As Nguyen et al. (2015) have also pointed out, universities typically use an amalgam of publication information, peer review, or a combination of the two former to quantify research personnel outputs at the individual principal investigator, department, or school levels. This combination, or bibliometrics, includes such elements as impact factors and/or citation rates. While there are both pro arguments (Taylor, 2011) and contra arguments (Adams, 2009) to the use of bibliometrics, the inclusion of specific system derived information directly relevant to the integrated System of System (SoS) research project outputs has, to the best of the authors’ knowledge, not been attempted for inclusion.

Literature Review

Cost functions as almost a universal sanctioned means of exchange and value throughout communities (Newlyn, 1978). Investments in a particular quantity, whether it be equipment, labor, project, etc., can all be associated with the appropriate process if there is an accurate accounting system to assign “cost” in dollars to these processes and interactions (Langford, 2012). The system engineering usage of cost constituting the basis for modelling is also well known (Boehm et al., 2000; Blanchard, 1998).

Any performance management information system which has the capability to actively predict performance, must also meet two additional criteria: (1) it must have a program management framework; and (2) it must also have a procedural framework (Folan & Browne, 2005). The numeric basis of cost makes it attractive as many other gauges of systems measurement (Beamon, 1998). Beamon (1998) also concluded, however, that it is improbable that a unitary performance measure like cost will be sufficient, hence a conglomerate of performance measures is demanded for precise assessment.
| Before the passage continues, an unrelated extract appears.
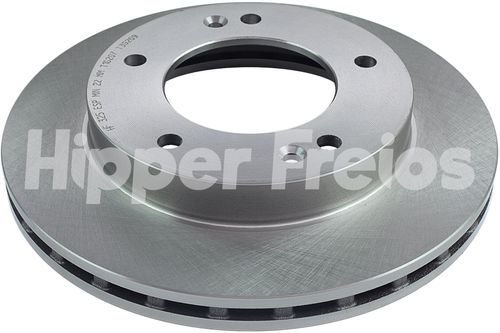 DISCO FREIO (DIANT) VENTIL / SPORTAGE 94- / HIPPER FREIOS HF325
The need to further classify research university project performance measures as they relate to performance information management is apparent from the fact that effective performance information management involves more than merely quantifying usefulness or benefit as the produced outcome of any organizational undertaking (Macbryde & Mendibil, 2003). Monitoring the processes responsible for those outcomes themselves is equally as important in order to influence the determination of the usefulness or benefit (Busi & Bitici, 2006). The outcome-process difference is also related to a ‘systems’ view of research university organizational functioning, in that the effectiveness or performance of the organizational system in question will itself then be a nascent property of interaction and processes between which and within which all elements that comprise the system as a whole may function (Atkinson, Waterhouse, & Wells, 1997).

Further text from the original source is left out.